Is there a way to modify NoneType to add a find method such as

class NoneType:
    def find(*args):
        return None

so that I can do something like

thing = soup.find('div', class_="class1").find('div', class_="class2").find('div', class_="class3")
if thing:
    do more stuff

instead of

thing1 = soup.find('div', class_="class1")
if thing1:
    thing2 = thing1.find('div', class_="class2")
    if thing2:
        thing3 = thing2.find('div', class_="class3")
        etc.

I think I might be able to do something similar by using a parser with XPath capabilities, but the question is not specific to this use case and is more about modifying/overriding built in classes.

kenm
  • 23,127
  • 2
  • 43
  • 62
colblitz
  • 105
  • 1
  • 8
  • related: [Can you monkey patch methods on core types in python?](http://stackoverflow.com/q/192649/4279) Spoiler: you shouldn't do it.

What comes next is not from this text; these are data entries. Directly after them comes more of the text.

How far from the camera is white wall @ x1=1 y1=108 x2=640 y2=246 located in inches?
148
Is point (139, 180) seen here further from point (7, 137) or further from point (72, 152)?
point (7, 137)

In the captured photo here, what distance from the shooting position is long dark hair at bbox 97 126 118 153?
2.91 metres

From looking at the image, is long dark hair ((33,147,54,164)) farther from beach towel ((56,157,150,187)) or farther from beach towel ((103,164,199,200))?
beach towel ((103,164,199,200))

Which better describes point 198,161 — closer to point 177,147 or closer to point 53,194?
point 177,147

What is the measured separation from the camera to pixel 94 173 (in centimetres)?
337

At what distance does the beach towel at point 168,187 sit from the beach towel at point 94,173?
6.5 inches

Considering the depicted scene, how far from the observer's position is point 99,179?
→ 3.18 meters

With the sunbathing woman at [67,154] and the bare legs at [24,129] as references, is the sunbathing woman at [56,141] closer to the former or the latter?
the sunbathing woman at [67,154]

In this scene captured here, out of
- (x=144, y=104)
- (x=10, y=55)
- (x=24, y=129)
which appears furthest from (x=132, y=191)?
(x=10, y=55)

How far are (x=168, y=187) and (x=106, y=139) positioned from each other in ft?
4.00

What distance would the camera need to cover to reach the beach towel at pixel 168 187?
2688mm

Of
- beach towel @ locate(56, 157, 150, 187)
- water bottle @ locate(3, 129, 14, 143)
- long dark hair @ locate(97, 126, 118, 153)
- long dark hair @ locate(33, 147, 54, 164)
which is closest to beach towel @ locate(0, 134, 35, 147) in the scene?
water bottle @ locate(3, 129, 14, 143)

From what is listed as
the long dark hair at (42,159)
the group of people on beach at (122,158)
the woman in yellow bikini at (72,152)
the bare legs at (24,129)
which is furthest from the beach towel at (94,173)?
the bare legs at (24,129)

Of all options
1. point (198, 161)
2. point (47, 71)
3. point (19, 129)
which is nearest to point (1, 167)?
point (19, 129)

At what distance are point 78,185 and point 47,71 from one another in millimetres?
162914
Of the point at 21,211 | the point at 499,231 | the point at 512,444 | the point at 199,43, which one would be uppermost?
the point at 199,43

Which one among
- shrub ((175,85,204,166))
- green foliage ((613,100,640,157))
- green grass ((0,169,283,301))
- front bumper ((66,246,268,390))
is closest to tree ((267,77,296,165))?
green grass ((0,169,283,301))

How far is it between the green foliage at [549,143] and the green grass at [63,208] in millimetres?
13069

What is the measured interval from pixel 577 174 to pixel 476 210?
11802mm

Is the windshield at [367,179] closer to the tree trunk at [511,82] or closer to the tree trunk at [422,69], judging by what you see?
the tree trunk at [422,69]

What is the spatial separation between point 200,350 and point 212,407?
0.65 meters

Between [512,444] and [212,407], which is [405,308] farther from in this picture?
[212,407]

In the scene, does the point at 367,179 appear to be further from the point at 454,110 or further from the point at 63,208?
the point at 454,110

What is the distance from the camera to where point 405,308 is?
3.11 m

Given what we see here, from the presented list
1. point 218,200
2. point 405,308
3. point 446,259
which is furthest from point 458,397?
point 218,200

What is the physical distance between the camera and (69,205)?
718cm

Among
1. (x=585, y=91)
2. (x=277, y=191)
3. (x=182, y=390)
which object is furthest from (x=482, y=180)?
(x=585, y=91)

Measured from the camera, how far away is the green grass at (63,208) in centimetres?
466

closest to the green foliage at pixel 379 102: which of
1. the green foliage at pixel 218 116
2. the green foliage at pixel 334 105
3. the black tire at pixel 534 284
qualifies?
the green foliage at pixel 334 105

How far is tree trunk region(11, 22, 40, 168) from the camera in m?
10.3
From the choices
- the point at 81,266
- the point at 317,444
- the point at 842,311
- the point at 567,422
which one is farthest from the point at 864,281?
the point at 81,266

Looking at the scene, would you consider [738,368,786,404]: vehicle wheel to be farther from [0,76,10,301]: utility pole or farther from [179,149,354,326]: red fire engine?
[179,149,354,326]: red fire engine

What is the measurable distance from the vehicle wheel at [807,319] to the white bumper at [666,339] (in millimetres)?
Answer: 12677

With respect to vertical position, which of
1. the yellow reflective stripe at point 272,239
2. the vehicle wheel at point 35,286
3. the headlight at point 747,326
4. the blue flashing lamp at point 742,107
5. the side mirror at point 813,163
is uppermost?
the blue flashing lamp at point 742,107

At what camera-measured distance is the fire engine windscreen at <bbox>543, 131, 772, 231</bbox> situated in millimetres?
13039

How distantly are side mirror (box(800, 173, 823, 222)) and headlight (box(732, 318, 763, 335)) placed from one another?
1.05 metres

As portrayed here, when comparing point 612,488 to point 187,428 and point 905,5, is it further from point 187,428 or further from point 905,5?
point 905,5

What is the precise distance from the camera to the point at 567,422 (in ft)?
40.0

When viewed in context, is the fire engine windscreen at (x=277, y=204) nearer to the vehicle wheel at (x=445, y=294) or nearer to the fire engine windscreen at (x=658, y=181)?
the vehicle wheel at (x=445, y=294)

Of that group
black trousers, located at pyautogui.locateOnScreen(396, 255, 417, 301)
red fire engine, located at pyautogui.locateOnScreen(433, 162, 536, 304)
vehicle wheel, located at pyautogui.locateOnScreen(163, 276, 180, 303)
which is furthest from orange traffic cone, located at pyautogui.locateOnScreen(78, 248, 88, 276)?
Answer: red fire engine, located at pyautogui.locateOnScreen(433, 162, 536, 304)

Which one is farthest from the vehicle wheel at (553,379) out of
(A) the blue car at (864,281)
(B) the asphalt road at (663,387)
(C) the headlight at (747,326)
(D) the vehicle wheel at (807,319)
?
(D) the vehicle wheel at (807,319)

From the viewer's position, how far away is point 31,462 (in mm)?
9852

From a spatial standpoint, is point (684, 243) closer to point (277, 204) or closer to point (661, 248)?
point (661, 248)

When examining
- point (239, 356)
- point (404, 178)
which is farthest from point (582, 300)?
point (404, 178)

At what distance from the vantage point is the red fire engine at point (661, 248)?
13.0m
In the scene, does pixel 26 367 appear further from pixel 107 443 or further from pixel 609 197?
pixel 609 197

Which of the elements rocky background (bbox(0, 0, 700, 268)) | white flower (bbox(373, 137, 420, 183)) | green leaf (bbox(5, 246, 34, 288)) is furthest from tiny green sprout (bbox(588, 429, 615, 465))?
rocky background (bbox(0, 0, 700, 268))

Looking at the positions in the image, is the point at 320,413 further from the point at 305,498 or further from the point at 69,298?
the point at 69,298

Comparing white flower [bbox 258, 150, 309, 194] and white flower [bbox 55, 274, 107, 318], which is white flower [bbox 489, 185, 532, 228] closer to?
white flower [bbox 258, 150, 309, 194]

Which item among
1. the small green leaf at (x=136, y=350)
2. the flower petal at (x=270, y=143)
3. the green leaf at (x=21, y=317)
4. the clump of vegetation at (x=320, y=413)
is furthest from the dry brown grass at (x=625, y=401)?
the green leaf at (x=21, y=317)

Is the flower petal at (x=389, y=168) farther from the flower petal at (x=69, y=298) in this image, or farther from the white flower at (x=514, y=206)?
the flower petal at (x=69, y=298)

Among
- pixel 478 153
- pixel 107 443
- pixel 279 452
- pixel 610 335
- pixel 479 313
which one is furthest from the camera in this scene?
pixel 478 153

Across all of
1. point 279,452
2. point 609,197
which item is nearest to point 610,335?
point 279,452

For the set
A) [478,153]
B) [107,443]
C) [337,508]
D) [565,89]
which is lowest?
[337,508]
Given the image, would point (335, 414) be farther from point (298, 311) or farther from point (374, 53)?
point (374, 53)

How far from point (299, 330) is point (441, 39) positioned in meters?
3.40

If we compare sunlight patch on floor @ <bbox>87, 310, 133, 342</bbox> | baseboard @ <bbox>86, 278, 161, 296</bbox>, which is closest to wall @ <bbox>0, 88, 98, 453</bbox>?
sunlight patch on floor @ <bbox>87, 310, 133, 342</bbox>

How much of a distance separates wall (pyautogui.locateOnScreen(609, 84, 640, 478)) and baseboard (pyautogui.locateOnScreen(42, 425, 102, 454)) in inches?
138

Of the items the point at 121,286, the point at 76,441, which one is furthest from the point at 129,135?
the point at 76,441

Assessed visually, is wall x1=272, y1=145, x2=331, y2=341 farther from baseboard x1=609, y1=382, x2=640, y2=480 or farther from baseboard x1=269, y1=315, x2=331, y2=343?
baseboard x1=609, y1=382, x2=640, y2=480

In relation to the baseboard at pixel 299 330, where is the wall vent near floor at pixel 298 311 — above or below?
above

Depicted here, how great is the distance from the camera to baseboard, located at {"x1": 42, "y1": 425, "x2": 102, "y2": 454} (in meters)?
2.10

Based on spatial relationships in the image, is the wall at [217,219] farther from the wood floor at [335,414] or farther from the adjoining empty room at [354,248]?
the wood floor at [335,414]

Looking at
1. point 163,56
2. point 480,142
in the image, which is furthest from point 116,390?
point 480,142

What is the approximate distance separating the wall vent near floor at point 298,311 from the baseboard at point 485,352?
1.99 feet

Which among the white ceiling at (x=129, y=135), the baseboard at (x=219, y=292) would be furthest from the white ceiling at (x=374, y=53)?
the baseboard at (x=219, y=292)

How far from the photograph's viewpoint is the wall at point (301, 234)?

But it can be done using ctypes hacks, see [fobiddenfruit](https://clarete.github.io/forbiddenfruit). – jfs Mar 10 '14 at 23:49
  • unrelated: `find('div', class_="class1")` can be written as `find("div", "class1")`. The whole expression could be written as css select: `soup.select("div.class1 div.class2 div.class3")` – jfs Mar 10 '14 at 23:57
  • Usually the [Fluent interface](http://en.wikipedia.org/wiki/Fluent_interface) is implemented using a proxy object such as QuerySet in Django, Query in SQLAlchemy: you can chain methods freely and call special methods such as `.all()`, `.first()` at the end to retrieve the final result. – jfs Mar 11 '14 at 00:04

6 Answers6

2

Why not use a try/except statement instead (since you cannot modify NoneType)?

try:
    thing = soup.find('div', class_="class1").find('div', class_="class2").find('div', class_="class3")
    do more stuff
except AttributeError:
    thing = None  # if you need to do more with thing
Justin O Barber
  • 11,291
  • 2
  • 40
  • 45
  • I don't think this answer OP question as he specifically wrote 'the question is not specific to this use case and is more about modifying/overriding built in classes' – hivert Mar 10 '14 at 23:00
  • Yeah, I wanted to know about modifying built in classes for future reference, but I like this approach. Thanks :D – colblitz Mar 10 '14 at 23:04
  • 1
    +1 EAFP is suitable in this case to implement [the Maybe monad](http://en.wikipedia.org/wiki/Monad_(functional_programming)#The_Maybe_monad) in Python. – jfs Mar 10 '14 at 23:54
1

You can't modify builtin class such as NoneType or str:

>>> nt = type(None)
>>> nt.bla = 23
Traceback (most recent call last):
  File "<stdin>", line 1, in <module>
TypeError: can't set attributes of built-in/extension type 'NoneType'

For some of them (eg str), you can inherit from:

>>> class bla(str):
...      def toto(self): return 1
>>> bla('2123').toto()
1

It's not possible with NoneType. And it won't help you either:

>>> class myNoneType(nt):
...      def find(self): return 1
... 
Traceback (most recent call last):
  File "<stdin>", line 1, in <module>
TypeError: Error when calling the metaclass bases
    type 'NoneType' is not an acceptable base type
hivert
  • 10,579
  • 3
  • 31
  • 56
  • 1
    Adding a subclass won't affect the type of the `None` literal though, nor make any of the millions of places that `return` or `return None` use that subclass. –  Mar 10 '14 at 22:55
  • I'm answering to the OP 'but the question is not specific to this use case and is more about modifying/overriding built in classes' – hivert Mar 10 '14 at 22:59
  • Thanks. Is it possible in Ruby? I may have been misremembering what I can do in one or the other. – colblitz Mar 10 '14 at 23:04
  • And that is a general limitation of the approach: You can now construct objects that behave differently but mostly pass as a builtin, but you can't force other people to use that type. –  Mar 10 '14 at 23:04
  • Yes, it is possible in Ruby: `class NilClass; def find; 1; end; end`. – Alp Mar 10 '14 at 23:07
  • [you can modify builtin class](http://stackoverflow.com/questions/22313065/adding-method-to-pythons-nonetype#comment33907155_22313065) – jfs Mar 11 '14 at 00:06
1

An approach might be to have a

class FindCaller(object):
    def __init__(self, *a, **k):
        self.a = a
        self.k = k
    def __call__(self, obj):
        return obj.find(*self.a, **self.k)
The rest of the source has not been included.